> [Captioned web image data]:
-- Opening Marker --
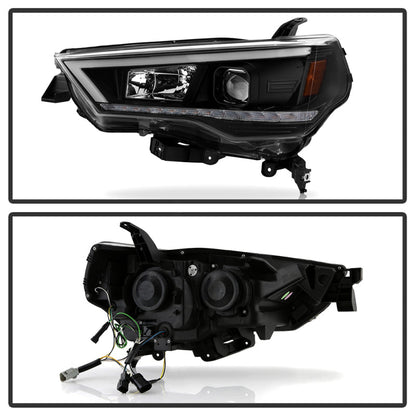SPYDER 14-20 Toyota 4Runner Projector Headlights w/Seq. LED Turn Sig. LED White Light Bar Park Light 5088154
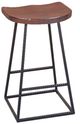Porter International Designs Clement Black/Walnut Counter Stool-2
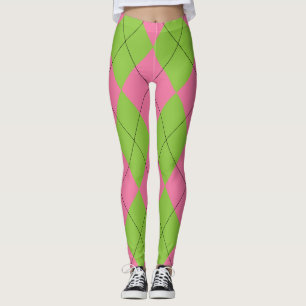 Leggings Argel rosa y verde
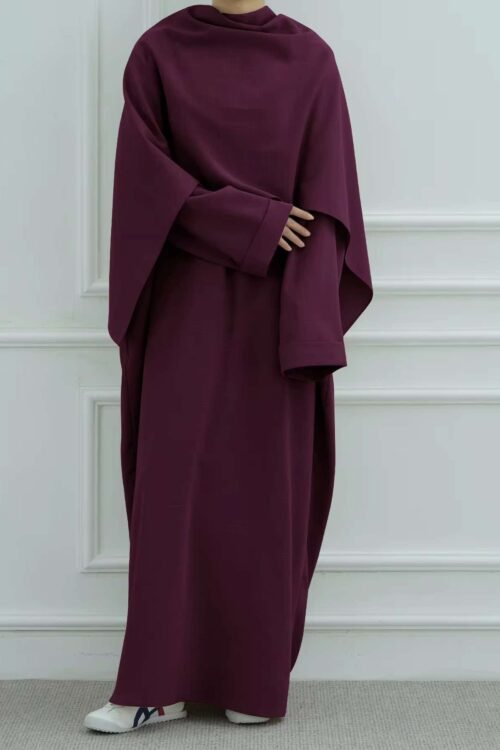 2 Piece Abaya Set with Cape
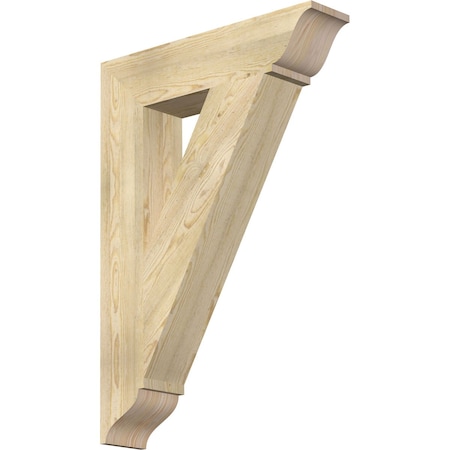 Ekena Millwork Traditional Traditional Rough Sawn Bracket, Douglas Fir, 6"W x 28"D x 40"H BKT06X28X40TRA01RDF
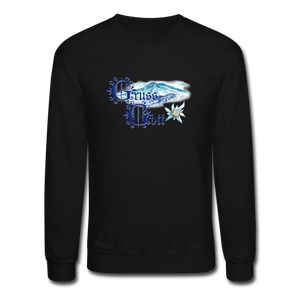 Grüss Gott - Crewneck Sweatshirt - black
-- Closing Marker --
> [WHAT TO WORK ON]: No pictures belong in the copy: reproduce exactly the lines above from the one that contains "Leggings Argel rosa y verde" through the last line of the entries.

> [TASK RESULT]:
 Leggings Argel rosa y verde
 2 Piece Abaya Set with Cape
 Ekena Millwork Traditional Traditional Rough Sawn Bracket, Douglas Fir, 6"W x 28"D x 40"H BKT06X28X40TRA01RDF
 Grüss Gott - Crewneck Sweatshirt - black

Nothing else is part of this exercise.